Can you remember the last time we beat City? It was at their ground in 2015-16 when we beat them 2-1 with goals from Victor Moses and Diafra Sakho. Four of our current squad took part in that game – Cresswell, Lanzini, Noble and Antonio. The last time we took even a point off them was later that same season (the last time we faced them at Upton Park) when Enner Valencia scored the two goals in a 2-2 draw. The last time we beat them at home was in the 2014-15 season when we won 2-1 with goals from Morgan Amalfitano (remember him?) and Sakho.

The last time City failed to score against us was in a 0-0 draw in the first game we faced them following our return to the top flight in 2012. They have always scored at least once, and invariably a lot more, in the 18 games that have been played since then.

But there are other statistics in our favour as we head into this match. For example, the last time we played against City when we were above them in the table was back in 2009, and we won that game 1-0 with Jack Collison scoring the only goal of the game.
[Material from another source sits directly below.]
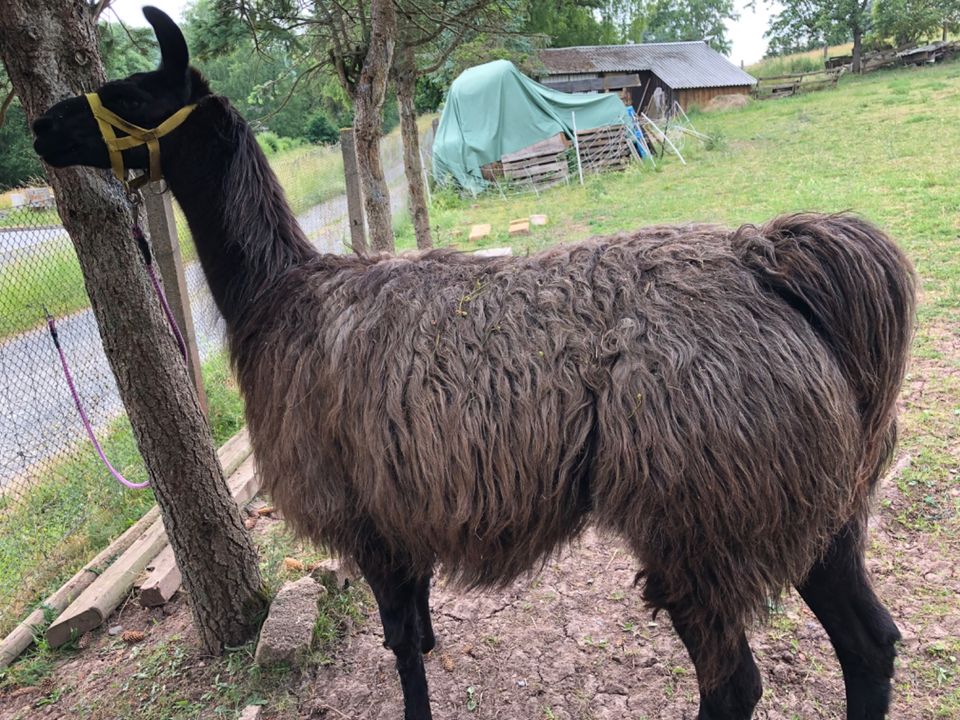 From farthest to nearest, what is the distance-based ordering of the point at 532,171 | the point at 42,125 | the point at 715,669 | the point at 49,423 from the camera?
1. the point at 532,171
2. the point at 49,423
3. the point at 42,125
4. the point at 715,669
In the calendar year of 2020 (which coincides with David Moyes in charge for the second time, we have scored 3 or more goals in 9 matches. Only Manchester City themselves can equal that record. Of course we have scored 3 or more in our last three games. The last time we managed to score 3 or more in four consecutive league games was 92 years ago!

And do you remember last week when we were looking at Moyes record against Mourinho, and the fact that he has never beaten him in 15 attempts? His managerial record against City contrasts to that, having beaten them 12 times. In fact they are one of the clubs against whom he has his most wins as a manager.

Recent history tells us we can’t win this game. Statistics say we can’t win this game. The bookmakers don’t believe we will win this game. But our confidence must be sky high following our run of fine performances, victories, goals scored, and that dramatic comeback against that team from North London last week. How good was that? It’s about time we beat City again, and perhaps we will in this season of strange results? I’ll go for 3-2.